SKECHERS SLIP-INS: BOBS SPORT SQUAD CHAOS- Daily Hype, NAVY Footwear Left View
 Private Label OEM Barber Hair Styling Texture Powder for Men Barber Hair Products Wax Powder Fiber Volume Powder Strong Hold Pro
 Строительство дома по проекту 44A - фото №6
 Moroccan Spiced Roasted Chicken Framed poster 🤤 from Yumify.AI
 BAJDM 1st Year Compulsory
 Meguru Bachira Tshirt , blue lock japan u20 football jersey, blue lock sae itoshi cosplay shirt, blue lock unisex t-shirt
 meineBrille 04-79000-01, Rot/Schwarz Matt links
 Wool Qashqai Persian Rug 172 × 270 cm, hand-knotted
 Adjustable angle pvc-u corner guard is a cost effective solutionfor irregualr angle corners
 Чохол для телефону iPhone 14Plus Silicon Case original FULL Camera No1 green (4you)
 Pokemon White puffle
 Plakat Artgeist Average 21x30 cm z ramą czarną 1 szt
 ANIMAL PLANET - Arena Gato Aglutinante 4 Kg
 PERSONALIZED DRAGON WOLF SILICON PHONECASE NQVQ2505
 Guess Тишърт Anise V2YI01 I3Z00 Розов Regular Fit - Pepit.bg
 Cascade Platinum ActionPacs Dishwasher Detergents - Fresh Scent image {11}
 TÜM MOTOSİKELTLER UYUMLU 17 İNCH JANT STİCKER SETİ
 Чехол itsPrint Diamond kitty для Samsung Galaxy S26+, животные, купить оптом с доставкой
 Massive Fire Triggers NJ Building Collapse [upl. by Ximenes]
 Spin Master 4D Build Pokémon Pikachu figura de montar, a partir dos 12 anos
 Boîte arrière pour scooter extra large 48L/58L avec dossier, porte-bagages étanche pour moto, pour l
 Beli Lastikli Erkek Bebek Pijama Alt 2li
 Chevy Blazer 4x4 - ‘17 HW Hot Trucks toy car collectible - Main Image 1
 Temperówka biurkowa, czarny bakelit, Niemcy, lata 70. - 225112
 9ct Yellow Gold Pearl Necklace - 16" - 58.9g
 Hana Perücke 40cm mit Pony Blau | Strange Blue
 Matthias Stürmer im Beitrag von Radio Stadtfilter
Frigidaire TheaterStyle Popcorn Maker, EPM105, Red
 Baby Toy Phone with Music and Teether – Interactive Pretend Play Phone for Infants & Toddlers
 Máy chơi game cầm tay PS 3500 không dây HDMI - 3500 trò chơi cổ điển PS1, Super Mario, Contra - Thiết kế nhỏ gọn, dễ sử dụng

::::

Set down the whole listing once more, precisely as written.

SKECHERS SLIP-INS: BOBS SPORT SQUAD CHAOS- Daily Hype, NAVY Footwear Left View
 Private Label OEM Barber Hair Styling Texture Powder for Men Barber Hair Products Wax Powder Fiber Volume Powder Strong Hold Pro
 Строительство дома по проекту 44A - фото №6
 Moroccan Spiced Roasted Chicken Framed poster 🤤 from Yumify.AI
 BAJDM 1st Year Compulsory
 Meguru Bachira Tshirt , blue lock japan u20 football jersey, blue lock sae itoshi cosplay shirt, blue lock unisex t-shirt
 meineBrille 04-79000-01, Rot/Schwarz Matt links
 Wool Qashqai Persian Rug 172 × 270 cm, hand-knotted
 Adjustable angle pvc-u corner guard is a cost effective solutionfor irregualr angle corners
 Чохол для телефону iPhone 14Plus Silicon Case original FULL Camera No1 green (4you)
 Pokemon White puffle
 Plakat Artgeist Average 21x30 cm z ramą czarną 1 szt
 ANIMAL PLANET - Arena Gato Aglutinante 4 Kg
 PERSONALIZED DRAGON WOLF SILICON PHONECASE NQVQ2505
 Guess Тишърт Anise V2YI01 I3Z00 Розов Regular Fit - Pepit.bg
 Cascade Platinum ActionPacs Dishwasher Detergents - Fresh Scent image {11}
 TÜM MOTOSİKELTLER UYUMLU 17 İNCH JANT STİCKER SETİ
 Чехол itsPrint Diamond kitty для Samsung Galaxy S26+, животные, купить оптом с доставкой
 Massive Fire Triggers NJ Building Collapse [upl. by Ximenes]
 Spin Master 4D Build Pokémon Pikachu figura de montar, a partir dos 12 anos
 Boîte arrière pour scooter extra large 48L/58L avec dossier, porte-bagages étanche pour moto, pour l
 Beli Lastikli Erkek Bebek Pijama Alt 2li
 Chevy Blazer 4x4 - ‘17 HW Hot Trucks toy car collectible - Main Image 1
 Temperówka biurkowa, czarny bakelit, Niemcy, lata 70. - 225112
 9ct Yellow Gold Pearl Necklace - 16" - 58.9g
 Hana Perücke 40cm mit Pony Blau | Strange Blue
 Matthias Stürmer im Beitrag von Radio Stadtfilter
Frigidaire TheaterStyle Popcorn Maker, EPM105, Red
 Baby Toy Phone with Music and Teether – Interactive Pretend Play Phone for Infants & Toddlers
 Máy chơi game cầm tay PS 3500 không dây HDMI - 3500 trò chơi cổ điển PS1, Super Mario, Contra - Thiết kế nhỏ gọn, dễ sử dụng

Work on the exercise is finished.